>>>>

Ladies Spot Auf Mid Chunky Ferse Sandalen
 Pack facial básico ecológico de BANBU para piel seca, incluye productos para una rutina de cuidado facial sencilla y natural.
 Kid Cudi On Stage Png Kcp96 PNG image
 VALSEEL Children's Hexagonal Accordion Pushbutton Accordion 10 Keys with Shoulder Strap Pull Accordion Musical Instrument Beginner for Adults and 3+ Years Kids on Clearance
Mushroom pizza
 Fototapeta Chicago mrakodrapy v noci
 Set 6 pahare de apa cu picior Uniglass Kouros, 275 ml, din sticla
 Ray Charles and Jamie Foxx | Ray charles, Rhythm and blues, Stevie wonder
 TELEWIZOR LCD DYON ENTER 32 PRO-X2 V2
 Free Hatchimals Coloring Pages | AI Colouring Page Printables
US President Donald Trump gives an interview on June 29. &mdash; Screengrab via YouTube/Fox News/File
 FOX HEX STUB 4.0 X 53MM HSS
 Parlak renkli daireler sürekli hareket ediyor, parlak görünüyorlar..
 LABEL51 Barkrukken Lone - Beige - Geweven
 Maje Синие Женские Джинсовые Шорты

<<<<

◆ **WORK INSTRUCTIONS**:
Your task is to extract the lines running from the one with "LABEL51 Barkrukken Lone - Beige - Geweven" to the end of the material, inclusive, copying each exactly and adding nothing.

◆ **SOLUTION**:
 LABEL51 Barkrukken Lone - Beige - Geweven
 Maje Синие Женские Джинсовые Шорты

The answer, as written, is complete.